This week, in our continuing quest to answer the all-important life question "Will it waffle?", we've had a number of deep failures, a couple of meh, I'd eat thats, and one rousing success.

A couple failures: frozen pierogi (they end up tasting like pierogi, only dryer and harder) and White Castle cheeseburgers (waffling somehow brings out the flavor of the meat, which is not what you want with a White Castle slider).

Our big success? Falafel. Wafalafel, if you will.

Actually, come to think of it, falafel was our biggest success and our biggest failure. It all depends on how you waffle it.

There are plenty of folks out there who have waffled raw falafel mix to great success, but our goal with this series has always been to keep things as simple as possible, minimizing prep, and sticking to things we can throw together or buy in just a few minutes.

In that light, we tried waffling cooked falafel balls from Taïm, the finest falafel joint in the city.

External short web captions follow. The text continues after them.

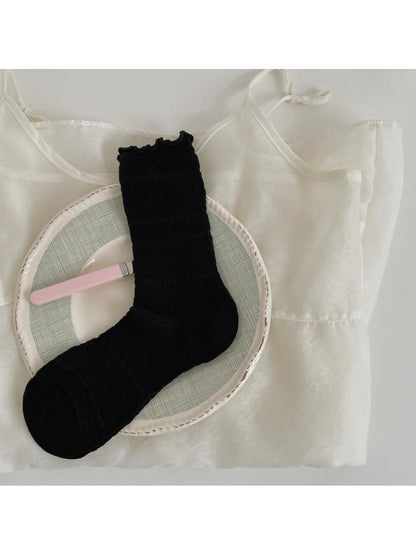 Rufia - Ruffle Trim Hollow-Out Crew Socks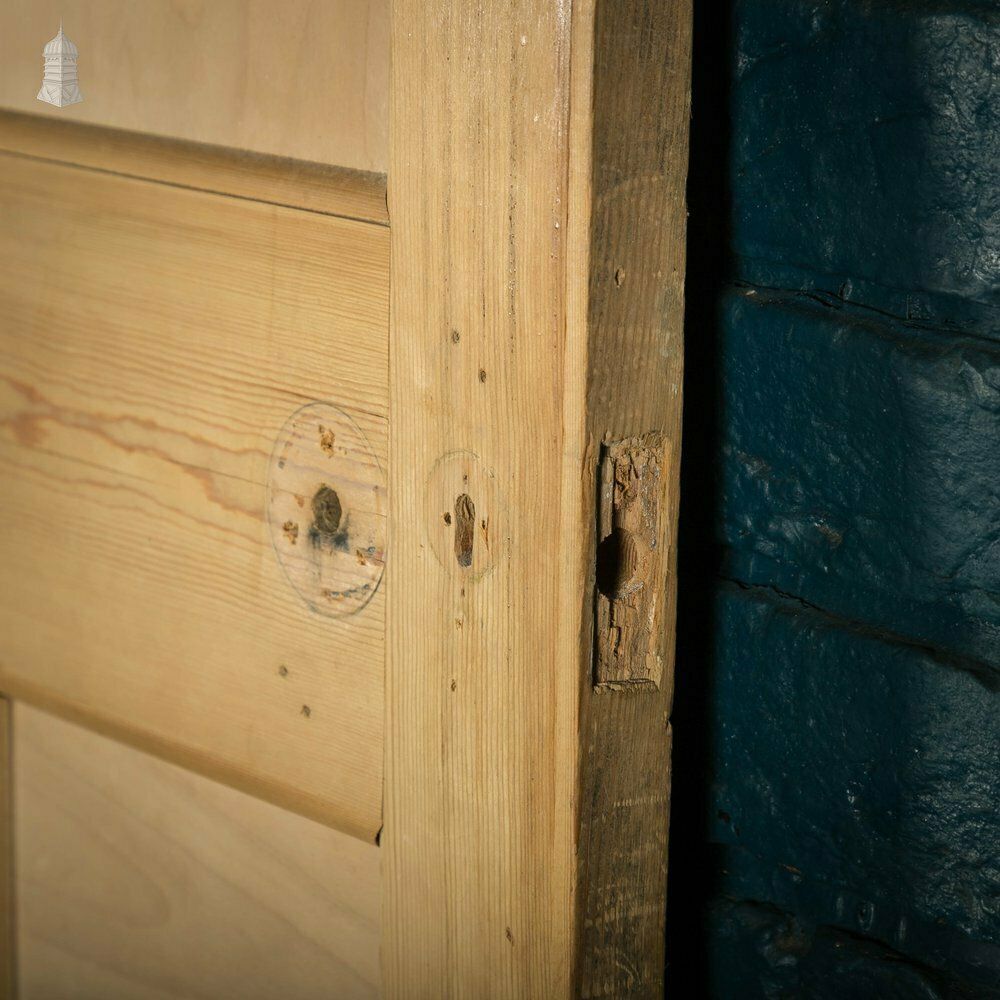 photo vintage Pine Panelled Door, Moulded 3 Panel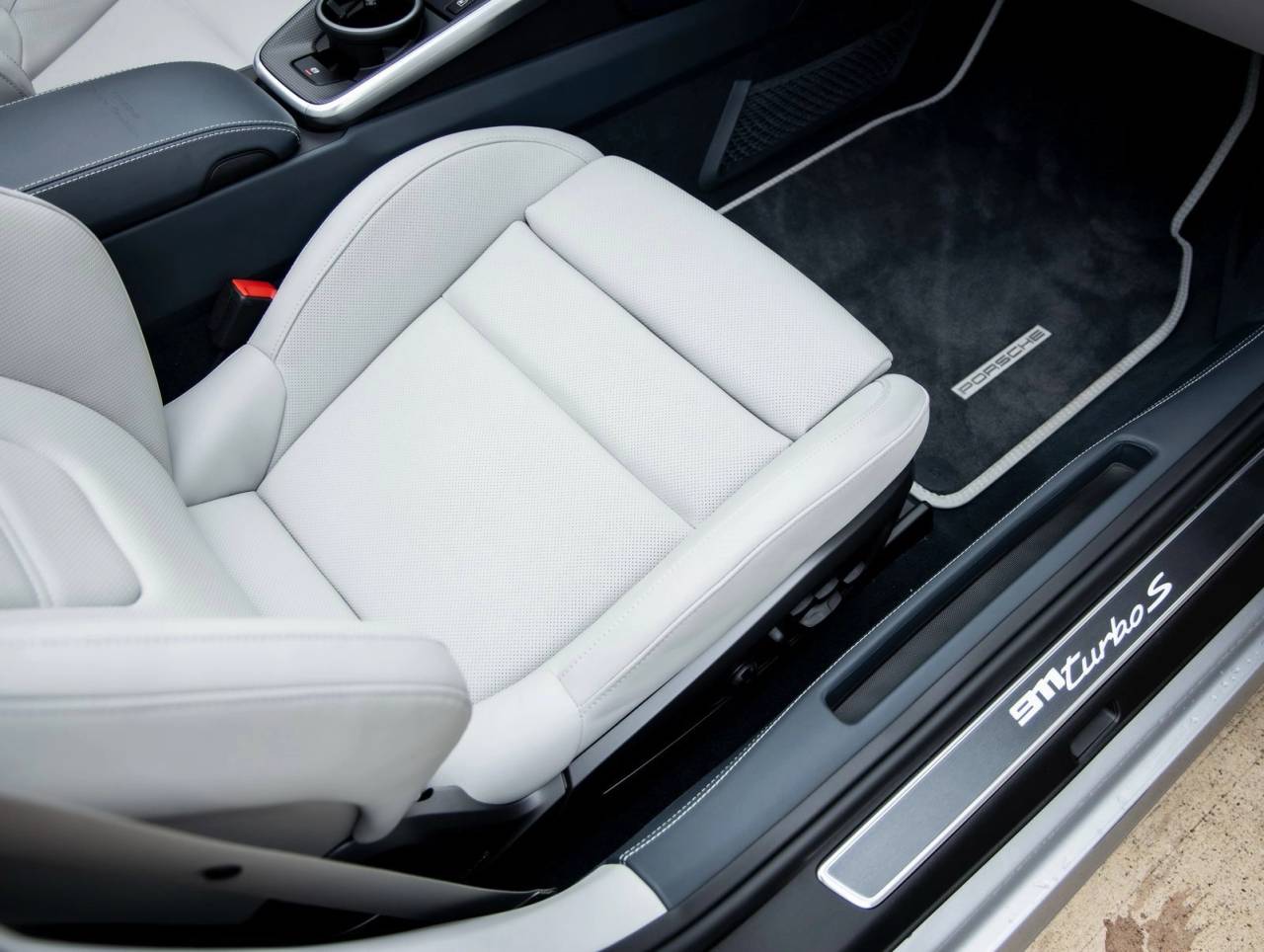 2023 Porsche 911 911 Turbo S Cabriolet (MY23)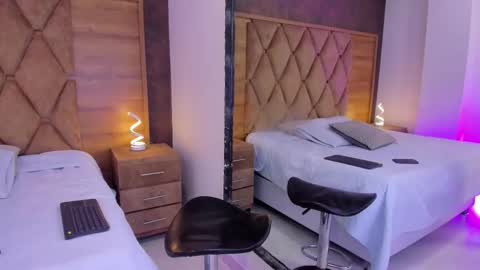 Lexi  Derek online show from 15, 10, 2025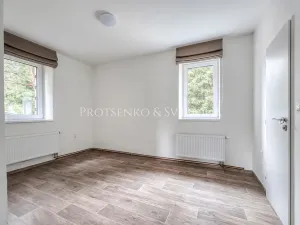 Prodej apartmánu, Prosečné, 349 m2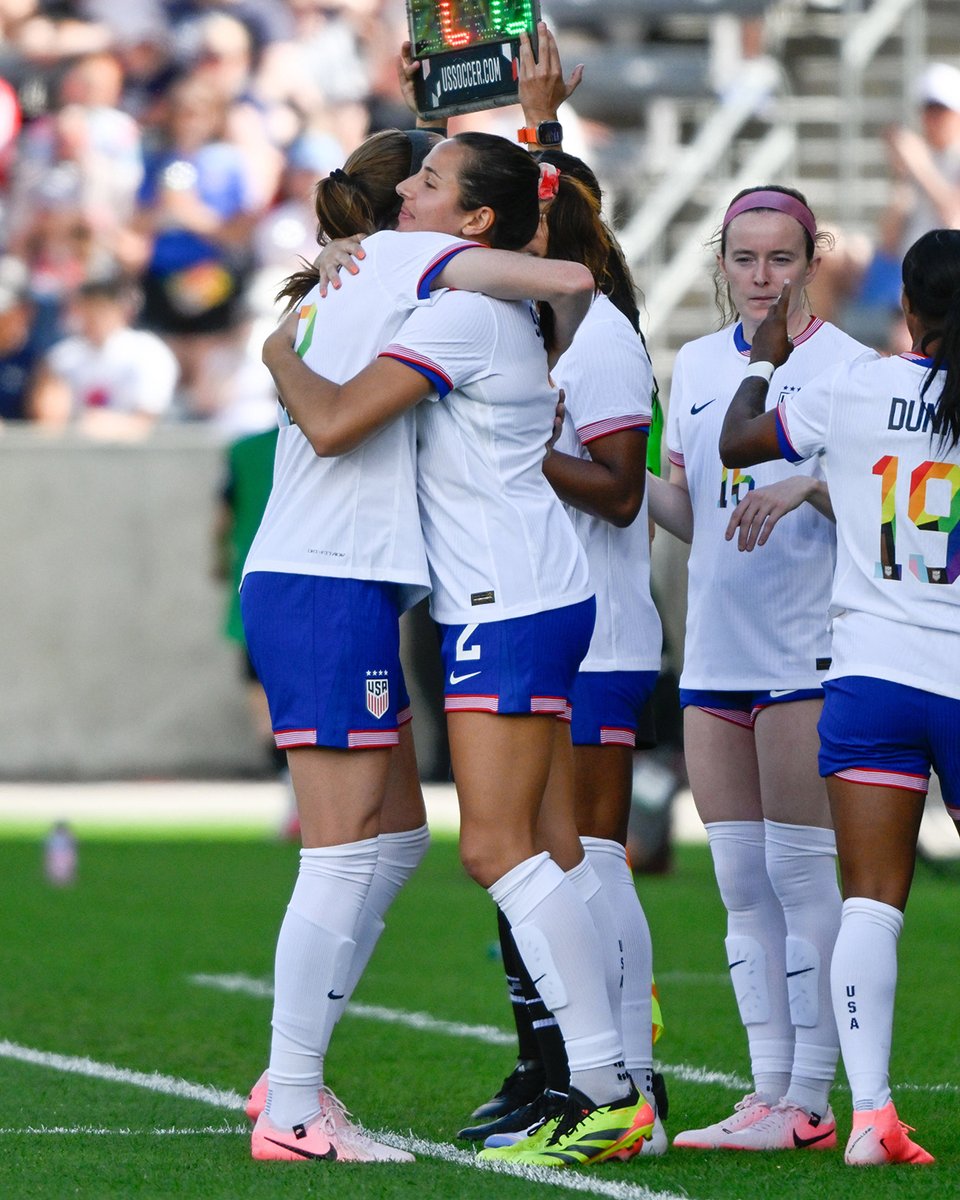 WomensGameMIB's tweet photo. FIRST USWNT CAP FOR SAM STAAB. 27yo Chicago Red Stars defender handed her U.S. international debut by new boss Emma Hayes. Some moment for the veteran center back. Vibes off the charts for this game. 🇺🇸❤️ https://t.co/vRLF8nkLYK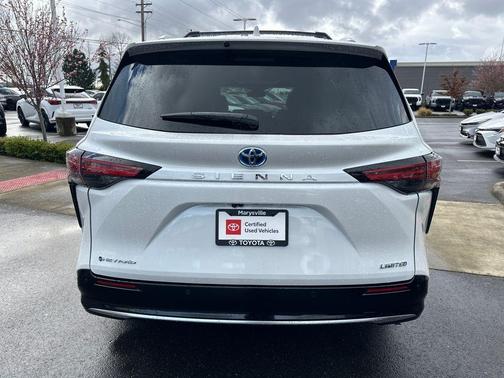 2025 Toyota Sienna Limited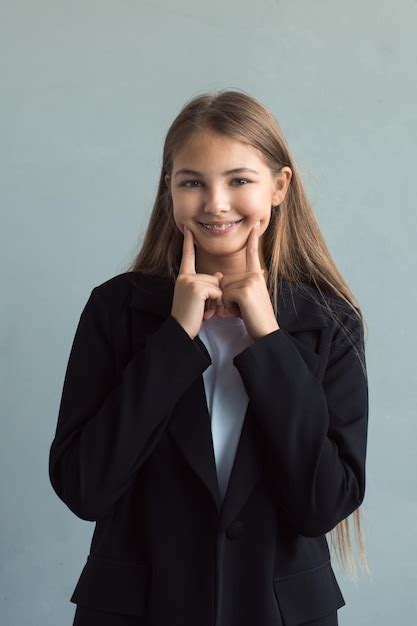 Hermosa Jovencita Feliz Con Chaqueta Negra Y Aparatos Ortop Dicos Se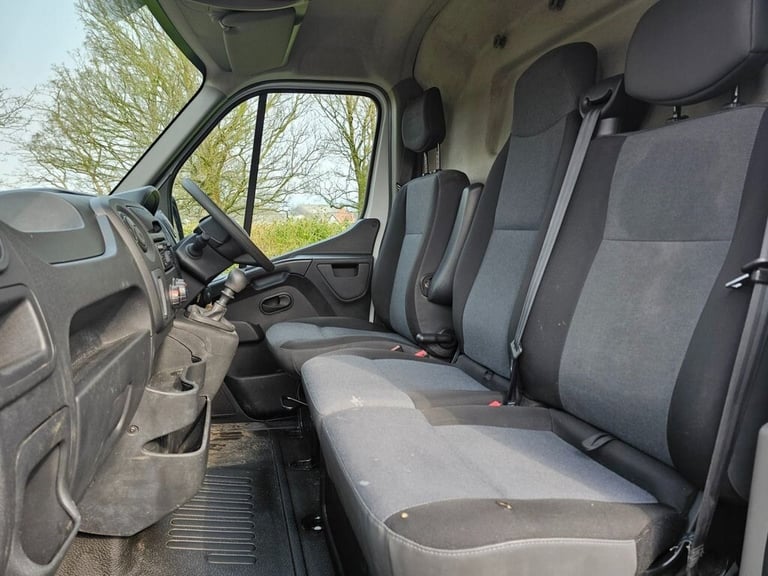 2019 19 RENAULT MASTER 2.3 DCI ENERGY 35 BUSINESS+ PANEL VAN 5DR DIESEL MANUAL F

Placing falafel balls on a waffle iron.

J. Kenji López-Alt

They utterly failed to pass our basic "does this create a bite that's better or at least different-but-equally-good?" criteria, unless you're the kind of person who prefers dry, burnt-out shells of formerly glorious falafel sadness to fresh, moist falafel.

Then we thought, what if we waffled a whole falafel sandwich?

A falafel sandwich pressed on a waffle iron.

J. Kenji López-Alt

Now we're cooking.

A waffled falafel sandwich cut into wedges with dipping sauces in the background.

J. Kenji López-Alt

The pita bread provides enough of a barrier to prevent the falafel from drying out or burning, all while crisping up into crackly, easy-to-hold wedges.

Anyone who's ever tried to eat a falafel sandwich while wearing a tie or fancy boots like those my wife enjoys knows that it's a perilous endeavor. If someone were to hold a contest for "worst shape and texture to put into a sandwich," soft, spherical falafel would be high in the running. They squish around, they fall out, they drip, they spill; traditional falafel and fashion don't mix.

But smash that same sandwich into a waffle iron and you have a snack worthy of the runway.

A waffled falafel sandwich cut into wedges with dipping sauces in the background.

J. Kenji López-Alt

Especially when it's dipped in tahini and Taïm's awesome hot sauce.

To waffle your falafel, brush your falafel sandwich with olive oil and slip it right into a preheated waffle iron. Cook it until crisp and serve with pickles, tahini, and any other condiments of your choice. And put on your best boots while you're at it.